As exportações brasileiras de café solúvel registraram uma expressiva recuperação no mercado internacional. Em julho de 2026, as remessas somaram 8,161 mil toneladas — equivalentes a 353.761 sacas de 60 quilos (Kg) de café verde —, volume 20% superior ao registrado no mesmo mês do ano passado, segundo dados da Associação Brasileira da Indústria de Café Solúvel (Abics). O resultado consolida o reaquecimento do setor lá fora e vem acompanhado pelo protagonismo direto do Espírito Santo, responsável por cerca de 70% da produção nacional de café canéfora (conilon), a principal matéria-prima para a indústria de solúveis.

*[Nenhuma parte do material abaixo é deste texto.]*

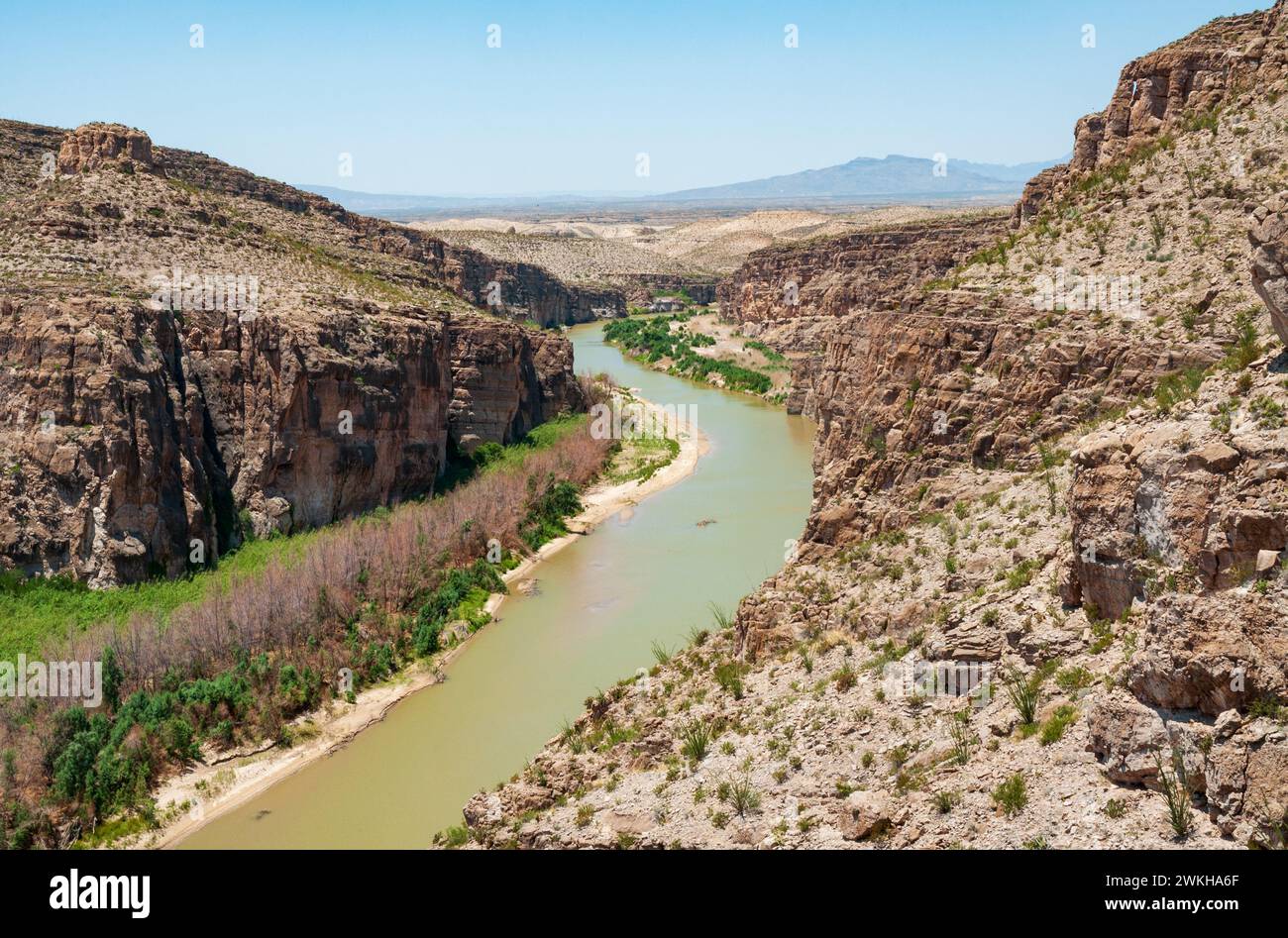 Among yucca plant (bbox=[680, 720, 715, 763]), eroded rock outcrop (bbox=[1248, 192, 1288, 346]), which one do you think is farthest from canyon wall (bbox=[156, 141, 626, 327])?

Com os números de julho, o país acumula 57,4 mil toneladas embarcadas entre janeiro e julho de 2026, montante 10,9% maior do que as 51,7 mil toneladas do mesmo período do ano anterior. O estado capixaba se destaca com um dos maiores e mais modernos parques produtores do país, alimentando uma rede global que leva o produto local a 92 nações. No segmento de café solúvel, os principais destinos das exportações com matriz capixaba e nacional continuam sendo os Estados Unidos e a Indonésia.

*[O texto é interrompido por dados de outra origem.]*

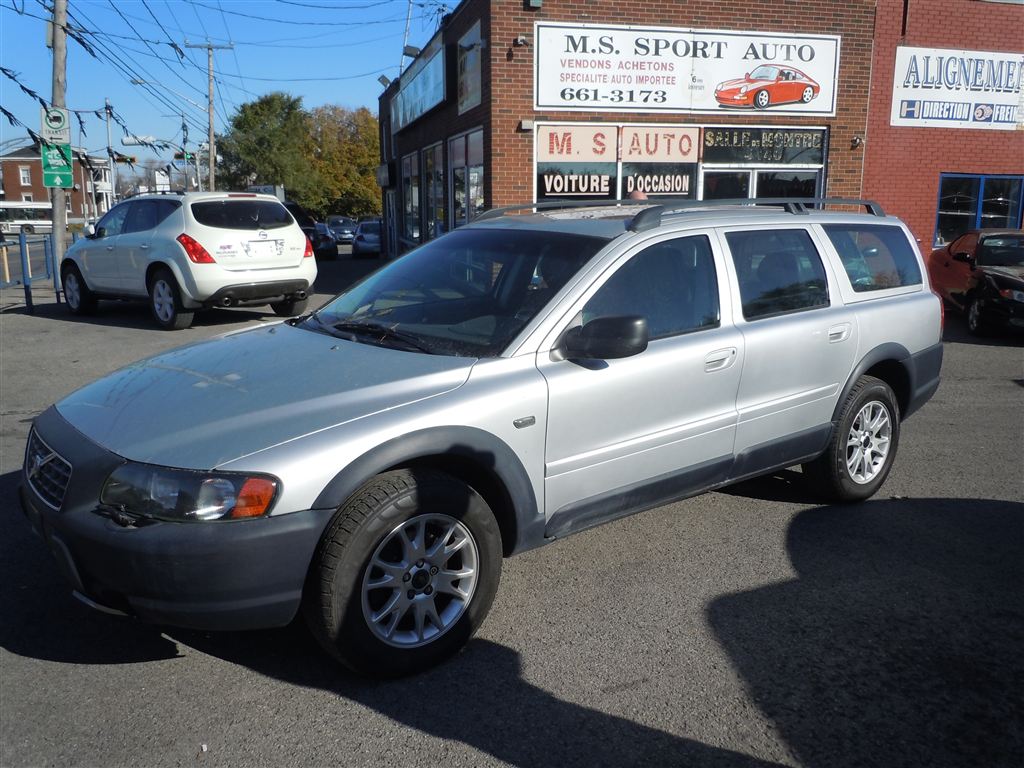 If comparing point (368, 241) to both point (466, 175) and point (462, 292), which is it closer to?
point (466, 175)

Café solúvel na lista de isenções tarifárias
Para o diretor executivo da Abics, Aguinaldo Lima, o desempenho favorável coincide com avanços regulatórios no comércio exterior. Em maio, entrou em vigor o Acordo Provisório de Comércio entre o Mercosul e a União Europeia. Pouco depois, na segunda metade de julho, o governo norte-americano incluiu o café solúvel na lista de isenções tarifárias, encerrando quase um ano de sobretaxação ao produto brasileiro.

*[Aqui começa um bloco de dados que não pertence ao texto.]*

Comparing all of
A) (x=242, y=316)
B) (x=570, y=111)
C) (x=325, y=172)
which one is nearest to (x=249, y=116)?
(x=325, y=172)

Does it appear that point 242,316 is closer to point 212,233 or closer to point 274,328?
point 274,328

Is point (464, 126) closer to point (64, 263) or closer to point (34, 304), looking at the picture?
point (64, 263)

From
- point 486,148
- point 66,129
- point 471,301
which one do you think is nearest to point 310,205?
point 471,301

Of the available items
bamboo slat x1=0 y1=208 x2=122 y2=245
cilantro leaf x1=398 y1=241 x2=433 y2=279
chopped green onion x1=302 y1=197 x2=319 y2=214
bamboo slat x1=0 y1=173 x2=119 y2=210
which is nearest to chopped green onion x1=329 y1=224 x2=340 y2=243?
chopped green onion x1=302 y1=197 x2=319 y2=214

“São conquistas, contudo, recentes demais para explicar os volumes já embarcados. Nenhuma das duas medidas teve tempo de se refletir integralmente nos números de julho, mas o que já se enxerga é a reação desses mercados. Os embarques para a UE cresceram 51,4% entre maio e o fim de julho, somando 5,2 mil toneladas e as remessas aos EUA voltaram a crescer no mês passado, 9,5% acima de julho de 2025, com 1,3 mil toneladas. O efeito pleno das duas conquistas deve aparecer a partir do segundo semestre”, projeta Lima.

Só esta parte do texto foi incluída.